# ADR-004: Error Handling and Resilience Strategy
## Status
Accepted
## Context
The MCP server integrates multiple external services (Meetup.com APIs, Anthropic Claude API) and performs complex data processing. We need a comprehensive error handling strategy that ensures reliability, provides meaningful feedback to users, and maintains system stability under various failure conditions.
## Decision
We will implement a multi-layered error handling strategy with graceful degradation, comprehensive logging, and user-friendly error messages.

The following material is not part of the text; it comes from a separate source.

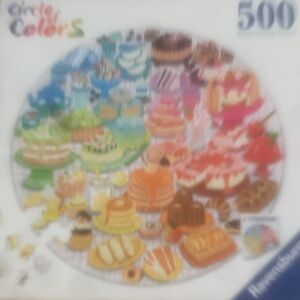 Puzzle by Ravensburger. 500ct. Round. Desserts
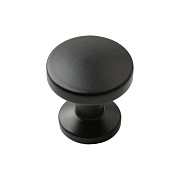 Ручка-кнопка мебельная Kerron Metallic d30 мм металлическая черная матовая (K-2622 BL) Ручка-кнопка мебельная Kerron Metallic d30 мм металлическая черная матовая (K-2622 BL)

## Error Categories and Handling
### 1. Authentication Errors
**Scenarios:**
- Missing or invalid API credentials
- Expired access tokens
- OAuth flow failures
**Handling Strategy:**
```python
try:
headers = self.auth_manager.get_auth_headers()
except Exception as e:
logging.error(f"Authentication error: {e}")
return [TextContent(
type="text",
text="Authentication required. Please use get_oauth_url tool to set up authentication."
)]
```
### 2. API Communication Errors
**Scenarios:**
- Network timeouts
- HTTP error responses (4xx, 5xx)
- Rate limiting
- Service unavailability
**Handling Strategy:**
```python
try:
async with self.session.get(url, params=params, headers=headers) as response:
if response.status == 200:
# Process successful response
elif response.status == 429:
logging.warning("Rate limited - suggest retry")
else:
error_text = await response.text()
logging.error(f"API error {response.status}: {error_text}")
except aiohttp.ClientError as e:
logging.error(f"Network error: {e}")
# Fallback to alternative API or cached data
```
### 3. Data Processing Errors
**Scenarios:**
- Malformed API responses
- Missing required fields
- Invalid data types
- Parsing failures
**Handling Strategy:**
```python
for event_data in events_data:
try:
event = self._parse_rest_event(event_data)
events.append(event)
except Exception as e:
logging.warning(f"Error parsing event {event_data.get('id', 'unknown')}: {e}")
continue # Skip malformed event, continue processing others
```
### 4. LLM Integration Errors
**Scenarios:**
- Claude API failures
- Token limit exceeded
- Content policy violations
- Service quotas exceeded
**Handling Strategy:**
```python
try:
response = await self.claude_integration.generate_response(prompt, max_tokens=2000)
return [TextContent(type="text", text=response)]
except Exception as e:
logging.error(f"Claude integration error: {e}")
return [TextContent(
type="text",
text="Unable to generate AI recommendations. Here are the raw events found: [event list]"
)]
```
## Resilience Patterns
### 1. Graceful Degradation
- **Primary API Failure**: Fall back to secondary API (REST → GraphQL)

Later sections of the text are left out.